Oner Dincbas F, Yörük S, Demirkesen C, Uzel O, Koca S
Department of Radiation Oncology, Cerrahpasa Medical Faculty, Istanbul University, Istanbul, Turkey.
Onkologie. 2004 Aug;27(4):389-92. doi: 10.1159/000079094.
There are few reports about Stevens-Johnson syndrome, a bullous form of erythema multiforme, that can develop in patients treated with cranial irradiation and antiepileptic drugs, especially with phenytoin. We present a patient who developed toxic epidermal necrolysis, a rare and severe form of Stevens-Johnson syndrome, during cranial radiotherapy and phenytoin treatment.

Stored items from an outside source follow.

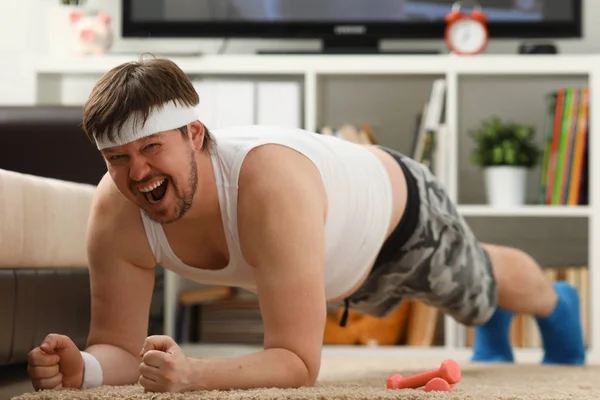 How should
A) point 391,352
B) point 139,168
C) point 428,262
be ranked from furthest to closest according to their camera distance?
1. point 391,352
2. point 428,262
3. point 139,168

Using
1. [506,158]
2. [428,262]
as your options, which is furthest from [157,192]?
[506,158]

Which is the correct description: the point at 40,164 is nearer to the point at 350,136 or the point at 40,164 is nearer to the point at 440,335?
the point at 350,136

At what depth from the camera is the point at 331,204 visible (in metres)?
1.48

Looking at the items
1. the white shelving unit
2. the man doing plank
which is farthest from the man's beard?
the white shelving unit

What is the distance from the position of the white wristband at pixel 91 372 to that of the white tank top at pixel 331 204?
19cm

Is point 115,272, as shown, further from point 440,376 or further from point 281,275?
point 440,376

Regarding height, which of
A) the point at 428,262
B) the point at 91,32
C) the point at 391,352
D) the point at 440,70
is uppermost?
the point at 91,32

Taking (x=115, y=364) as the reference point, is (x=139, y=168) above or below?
above

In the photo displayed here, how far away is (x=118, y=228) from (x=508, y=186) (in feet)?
5.48

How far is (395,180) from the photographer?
1735 mm

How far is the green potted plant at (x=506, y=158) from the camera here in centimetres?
285

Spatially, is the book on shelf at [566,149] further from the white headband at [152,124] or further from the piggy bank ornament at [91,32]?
the white headband at [152,124]

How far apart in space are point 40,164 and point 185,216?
82 centimetres

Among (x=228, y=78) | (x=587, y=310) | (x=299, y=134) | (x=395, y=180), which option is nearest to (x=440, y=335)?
(x=587, y=310) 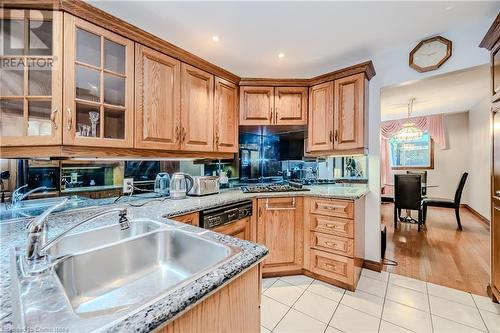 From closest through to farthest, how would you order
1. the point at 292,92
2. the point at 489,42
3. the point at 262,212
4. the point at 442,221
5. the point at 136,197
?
1. the point at 489,42
2. the point at 136,197
3. the point at 262,212
4. the point at 292,92
5. the point at 442,221

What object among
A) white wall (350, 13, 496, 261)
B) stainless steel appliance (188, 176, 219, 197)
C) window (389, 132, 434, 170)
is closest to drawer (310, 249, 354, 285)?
white wall (350, 13, 496, 261)

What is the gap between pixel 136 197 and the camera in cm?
199

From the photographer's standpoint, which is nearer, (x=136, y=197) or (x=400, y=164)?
(x=136, y=197)

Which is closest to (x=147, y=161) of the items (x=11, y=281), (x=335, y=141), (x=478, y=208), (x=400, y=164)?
(x=11, y=281)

A 65-year-old male patient with stage IIIB non-small cell lung carcinoma developed a brain metastasis. The patient was treated with phenytoin and dexamethasone. Palliative total cranial irradiation was performed. On the 23rd day of phenytoin administration, erythema and edema in the radiotherapy area and lips, as well as widespread maculopapular eruptions and rashes in the upper thoracic area were observed. The dermal lesions progressed to bullae and subsequently toxic epidermal necrolysis covering 70% of the whole body surface developed. The patient died within 15 days of appearance of the lesions due to secondary infections, despite supportive and symptomatic treatment.
Although toxic epidermal necrolysis is a rare toxicity it must always be considered during cranial irradiation and antiepileptic prophylaxis.
关于史蒂文斯-约翰逊综合征(一种多形红斑的大疱型)的报道较少,该综合征可发生于接受头颅放疗和抗癫痫药物治疗的患者,尤其是使用苯妥英钠时。我们报告一例患者,在头颅放疗和苯妥英钠治疗期间发生了中毒性表皮坏死松解症(一种罕见且严重的史蒂文斯-约翰逊综合征形式)。
一名65岁男性患者,患有IIIB期非小细胞肺癌并发生脑转移。患者接受苯妥英钠和地塞米松治疗,并进行了姑息性全脑放疗。在服用苯妥英钠第23天时,观察到放疗区域和唇部出现红斑及水肿,上胸部出现广泛的斑丘疹和皮疹。皮肤病变进展为大疱,随后发展为覆盖全身70%体表的中毒性表皮坏死松解症。尽管进行了支持性和对症治疗,但患者在病变出现后15天内死于继发感染。
尽管中毒性表皮坏死松解症是一种罕见的毒性反应,但在头颅放疗和抗癫痫预防治疗期间必须始终予以考虑。